こういう勝手なことを云う傾向は、残念ながら、日本において著しい。しかし、英国では、だいぶ様子が違う。
BBCの見出しはこうなっている。
"Police chif sorry over death"(警視総監、誤射事件に遺憾の意を表明)
驚くほどあっさりしている。
警視総監のサー・イアン・ブレア氏は、
「ロンドン警視庁は今回の件につき、全面的に責任を認める。ご遺族に対しては、ただただ、深い遺憾の念を表する。」
とテレビのインタビューに答えているが、その後、続けてこのように述べているのである。
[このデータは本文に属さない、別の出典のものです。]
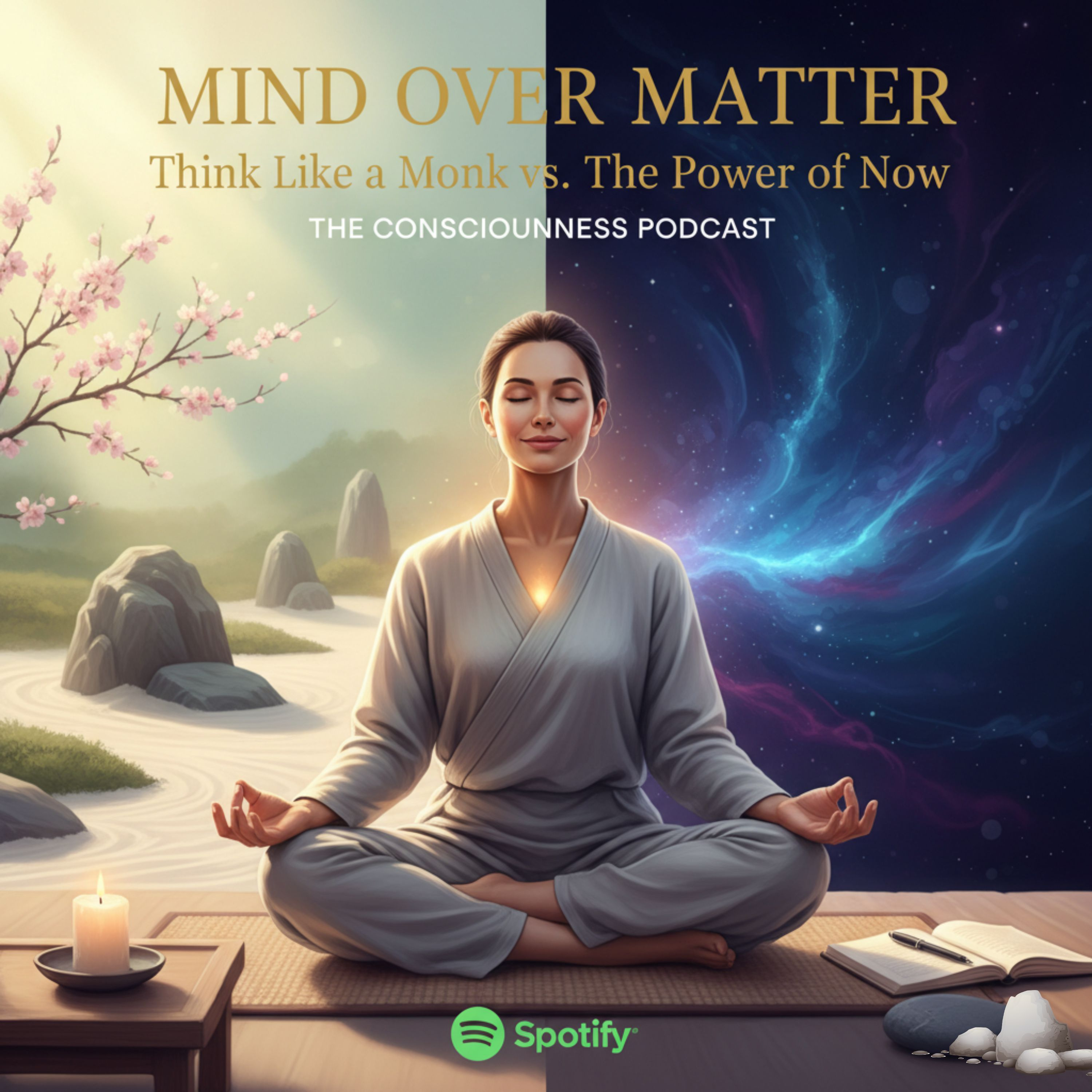 Mind Over Matter: Think Like a Monk vs. The Power of Now episode artwork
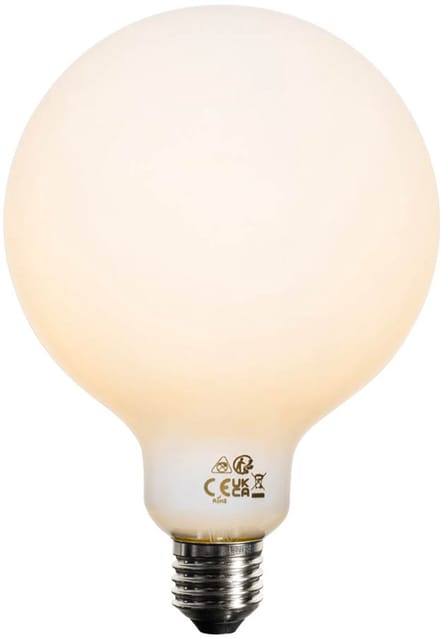 LUEDD Set van 5 E27 dimbare LED lamp opaal G125 5W 450 lm 2200K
"Shoot to kill" policy for dealing with suspected suicide bombers would remain in force.(自爆テロの容疑者は射殺するという方針は、今後も変えるつもりはない)。
もしも、テロリストだったら、また、何十人も死んでいた。間違える事もあるが、やむを得ない。と、やや乱暴に要約すると、ロンドン警視庁のスタンスはそういうことなのである。
◆コメント2:視聴者投稿欄「今回の警察の行動を100%支持する」
これにも驚いた。
BBCの投稿欄を読むと、勿論、「ロンドン警視庁はいくら何でも、いきなり射殺する前に、本人が爆発物を持っているか、など、確認するべき事があったはずだ」という趣旨の、つまり、治安当局批判の意見もある。
しかし、日本人の感覚から見るとかなり驚くべき事に、
「警察がやったことは正しい。走って地下鉄に飛び乗った被害者は、(テロリストと間違われるような)紛らわしい行動を取ったのがいけないのだ」
「怪しい者は射殺するべきだ。もしも、本当のテロリストを逃がして、テロが実行されたら一人の死では済まないからだ」
という、警察を擁護する一般市民の発言が驚くほど多いのである。
こういう考え方が普通になっている理由の一つは、ロンドン市民は、長く、IRA(北アイルランド独立を目指すテロ集団)の脅威にさらされてきた、という背景にあると思われる。
テロに対抗するには犠牲もやむを得ないと割り切っているのだろう。
但し、私が一つ気になるのは、今回、間違って殺されたのがブラジルからの移民だということである。
もしも、これが、生粋のイギリス人だったら、果たして、英国国民は、同じ意見を述べただろうか?
◆コメント3:ほぼ間違いなく言えるのは、これが日本だったら、警察は必死になって隠蔽しようとしただろうということだ。
今回のことは、「間違えました」ですまされるべき事ではないのだが、それにしても、事実は事実として公表したロンドン警視庁の姿勢は正しい。
今朝、「昨日、射殺した人物はテロとは全く関係が無かった」というロンドン警視庁の記事を読んで非常に驚いた。
これが日本で起きたことなら、ただごとではすまされないから、警視庁は口が裂けても「テロと無関係の人を間違って射殺した」ことを認めようとしないだろう。
ひた隠しにして、何ヶ月か或いは何年か経ってから、結局、真相が明るみに出て大騒ぎになるだろう。
正直に事実を認めれば、どのようなミスを犯しても構わない、というわけではない。
しかし、少なくとも、隠すよりは遙かに健全である。